Assignment: Reproduced exactly, the lines from the start of the material through the line containing "Armenia - Opposition" should be the whole answer, with pictures excluded.

Dataset extract:
◇ ◇ ◇ ◇ ◇ ◇ ◇

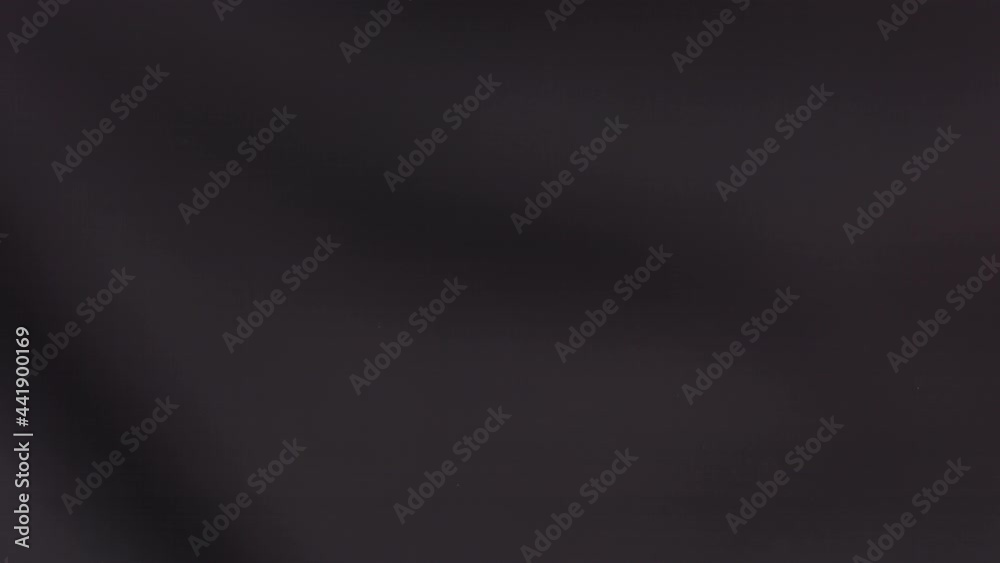 Two big Strawberries are flying and colliding on a black background Two big Strawberries are flying and colliding on a black background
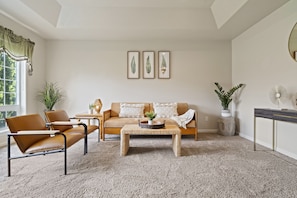 Un salon comprenant un canapé, deux fauteuils, une table basse et une table d’appoint. Trois reproductions botaniques encadrées ornent le mur, ainsi qu’une plante en pot et un miroir.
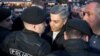 Armenia - Opposition leader Artur Vanetsian argues with a police officer in Liberty Square, Yerevan, April 17, 2022.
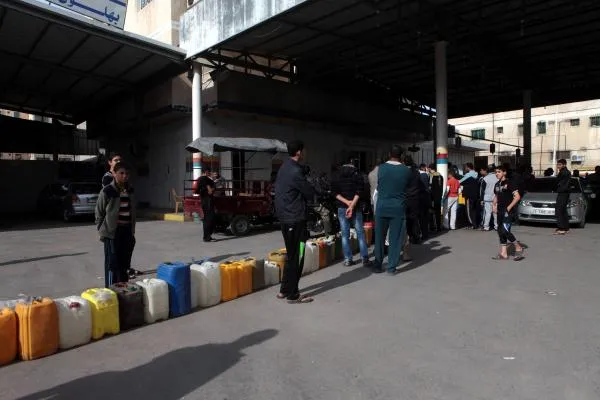 People lining up to get fuel during a shortage in Gaza.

◇ ◇ ◇ ◇ ◇ ◇ ◇

Answer for this exercise:
 Two big Strawberries are flying and colliding on a black background Two big Strawberries are flying and colliding on a black background
 Un salon comprenant un canapé, deux fauteuils, une table basse et une table d’appoint. Trois reproductions botaniques encadrées ornent le mur, ainsi qu’une plante en pot et un miroir.
 Armenia - Opposition leader Artur Vanetsian argues with a police officer in Liberty Square, Yerevan, April 17, 2022.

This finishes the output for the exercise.